Stored data entries:
[Start of Attachment]

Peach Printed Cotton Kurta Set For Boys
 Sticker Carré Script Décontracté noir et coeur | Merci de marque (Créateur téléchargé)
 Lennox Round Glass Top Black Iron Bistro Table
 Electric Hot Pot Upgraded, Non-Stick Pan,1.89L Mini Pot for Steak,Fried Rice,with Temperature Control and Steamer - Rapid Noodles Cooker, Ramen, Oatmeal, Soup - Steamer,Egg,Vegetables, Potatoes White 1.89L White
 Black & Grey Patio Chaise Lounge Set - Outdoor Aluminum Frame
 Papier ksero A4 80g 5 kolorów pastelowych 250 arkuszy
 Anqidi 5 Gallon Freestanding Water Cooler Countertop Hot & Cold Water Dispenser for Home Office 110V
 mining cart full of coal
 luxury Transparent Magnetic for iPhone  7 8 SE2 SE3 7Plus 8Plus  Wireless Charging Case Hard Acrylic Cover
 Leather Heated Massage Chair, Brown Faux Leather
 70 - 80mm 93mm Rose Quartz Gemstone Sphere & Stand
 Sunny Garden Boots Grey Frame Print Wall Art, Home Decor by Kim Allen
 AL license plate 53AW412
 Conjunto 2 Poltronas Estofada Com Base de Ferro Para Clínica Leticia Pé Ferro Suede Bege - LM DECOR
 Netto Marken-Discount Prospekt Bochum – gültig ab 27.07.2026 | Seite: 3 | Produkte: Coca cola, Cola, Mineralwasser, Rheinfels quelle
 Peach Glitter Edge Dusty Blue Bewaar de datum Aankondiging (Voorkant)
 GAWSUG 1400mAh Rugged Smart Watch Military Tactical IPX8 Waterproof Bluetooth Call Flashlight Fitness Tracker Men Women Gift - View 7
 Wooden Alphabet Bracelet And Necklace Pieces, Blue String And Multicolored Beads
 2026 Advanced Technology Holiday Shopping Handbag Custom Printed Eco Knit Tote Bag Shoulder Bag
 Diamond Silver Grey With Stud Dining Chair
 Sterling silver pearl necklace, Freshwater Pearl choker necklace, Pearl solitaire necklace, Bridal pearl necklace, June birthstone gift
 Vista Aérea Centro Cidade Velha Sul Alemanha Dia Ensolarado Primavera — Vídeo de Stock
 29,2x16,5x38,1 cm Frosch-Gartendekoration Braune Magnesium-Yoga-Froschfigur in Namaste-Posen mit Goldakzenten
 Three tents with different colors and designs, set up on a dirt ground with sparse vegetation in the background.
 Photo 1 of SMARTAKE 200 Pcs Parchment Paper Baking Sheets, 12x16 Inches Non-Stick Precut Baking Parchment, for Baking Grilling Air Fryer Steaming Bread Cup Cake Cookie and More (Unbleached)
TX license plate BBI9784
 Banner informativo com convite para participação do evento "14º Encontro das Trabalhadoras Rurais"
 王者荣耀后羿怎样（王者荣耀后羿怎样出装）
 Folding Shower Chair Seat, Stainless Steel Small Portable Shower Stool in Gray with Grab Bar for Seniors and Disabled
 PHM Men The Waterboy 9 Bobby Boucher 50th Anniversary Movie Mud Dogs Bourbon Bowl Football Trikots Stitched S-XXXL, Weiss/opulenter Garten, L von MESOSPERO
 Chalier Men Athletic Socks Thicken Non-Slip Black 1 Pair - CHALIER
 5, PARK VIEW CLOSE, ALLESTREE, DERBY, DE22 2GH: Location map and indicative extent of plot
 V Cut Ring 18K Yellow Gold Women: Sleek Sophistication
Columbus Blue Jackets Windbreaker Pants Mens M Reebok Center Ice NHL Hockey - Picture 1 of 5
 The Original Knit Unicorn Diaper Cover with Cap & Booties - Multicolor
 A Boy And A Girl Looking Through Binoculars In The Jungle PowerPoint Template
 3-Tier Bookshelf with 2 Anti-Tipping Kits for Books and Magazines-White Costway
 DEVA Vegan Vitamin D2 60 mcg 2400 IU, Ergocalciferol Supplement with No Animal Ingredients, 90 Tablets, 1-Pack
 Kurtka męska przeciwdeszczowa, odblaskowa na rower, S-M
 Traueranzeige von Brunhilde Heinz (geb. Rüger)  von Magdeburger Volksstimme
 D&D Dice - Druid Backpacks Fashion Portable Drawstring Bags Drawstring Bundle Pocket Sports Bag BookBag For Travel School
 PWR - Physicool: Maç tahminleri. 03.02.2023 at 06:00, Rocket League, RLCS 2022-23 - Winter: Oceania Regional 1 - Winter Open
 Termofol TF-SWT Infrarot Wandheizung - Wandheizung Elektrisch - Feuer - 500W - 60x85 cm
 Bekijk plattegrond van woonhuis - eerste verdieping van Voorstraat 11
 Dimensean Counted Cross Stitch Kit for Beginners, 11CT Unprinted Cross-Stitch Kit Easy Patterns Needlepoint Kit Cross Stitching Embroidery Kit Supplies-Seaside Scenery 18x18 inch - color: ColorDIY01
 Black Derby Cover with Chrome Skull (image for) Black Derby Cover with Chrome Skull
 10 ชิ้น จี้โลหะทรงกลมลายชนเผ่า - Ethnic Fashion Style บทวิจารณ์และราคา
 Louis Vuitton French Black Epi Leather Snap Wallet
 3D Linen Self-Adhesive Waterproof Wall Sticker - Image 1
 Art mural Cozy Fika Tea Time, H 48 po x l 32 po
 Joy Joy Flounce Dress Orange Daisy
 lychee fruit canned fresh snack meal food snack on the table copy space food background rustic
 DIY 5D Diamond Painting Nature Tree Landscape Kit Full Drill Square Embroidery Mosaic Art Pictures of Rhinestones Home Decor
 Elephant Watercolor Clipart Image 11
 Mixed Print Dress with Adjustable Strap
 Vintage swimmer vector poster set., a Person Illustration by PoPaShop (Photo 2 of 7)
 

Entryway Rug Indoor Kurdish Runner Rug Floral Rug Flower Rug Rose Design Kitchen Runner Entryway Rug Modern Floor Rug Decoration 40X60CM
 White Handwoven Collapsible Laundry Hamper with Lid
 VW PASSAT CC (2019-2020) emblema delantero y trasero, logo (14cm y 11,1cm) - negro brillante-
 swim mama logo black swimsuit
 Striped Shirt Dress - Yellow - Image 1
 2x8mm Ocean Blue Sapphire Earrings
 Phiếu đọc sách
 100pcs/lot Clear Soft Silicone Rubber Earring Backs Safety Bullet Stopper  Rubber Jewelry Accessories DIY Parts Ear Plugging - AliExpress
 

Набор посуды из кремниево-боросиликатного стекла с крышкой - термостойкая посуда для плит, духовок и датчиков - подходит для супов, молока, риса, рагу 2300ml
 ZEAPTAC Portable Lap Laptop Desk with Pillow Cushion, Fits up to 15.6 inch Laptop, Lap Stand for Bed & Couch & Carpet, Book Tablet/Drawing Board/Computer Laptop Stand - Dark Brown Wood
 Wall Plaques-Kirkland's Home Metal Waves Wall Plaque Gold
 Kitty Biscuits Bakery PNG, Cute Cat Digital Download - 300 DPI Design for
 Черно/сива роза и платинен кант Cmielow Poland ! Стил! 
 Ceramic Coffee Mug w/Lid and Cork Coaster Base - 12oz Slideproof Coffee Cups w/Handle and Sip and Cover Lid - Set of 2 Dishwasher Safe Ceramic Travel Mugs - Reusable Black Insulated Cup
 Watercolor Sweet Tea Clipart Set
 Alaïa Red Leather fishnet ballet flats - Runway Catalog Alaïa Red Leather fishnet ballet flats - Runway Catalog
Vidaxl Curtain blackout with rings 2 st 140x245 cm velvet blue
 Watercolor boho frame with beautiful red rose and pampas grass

[End of Attachment]

> Task description: All that belongs in the answer is the lines from the start of the entries above through the line containing "Lennox Round Glass", each given exactly.

> Finished exercise:
Peach Printed Cotton Kurta Set For Boys
 Sticker Carré Script Décontracté noir et coeur | Merci de marque (Créateur téléchargé)
 Lennox Round Glass Top Black Iron Bistro Table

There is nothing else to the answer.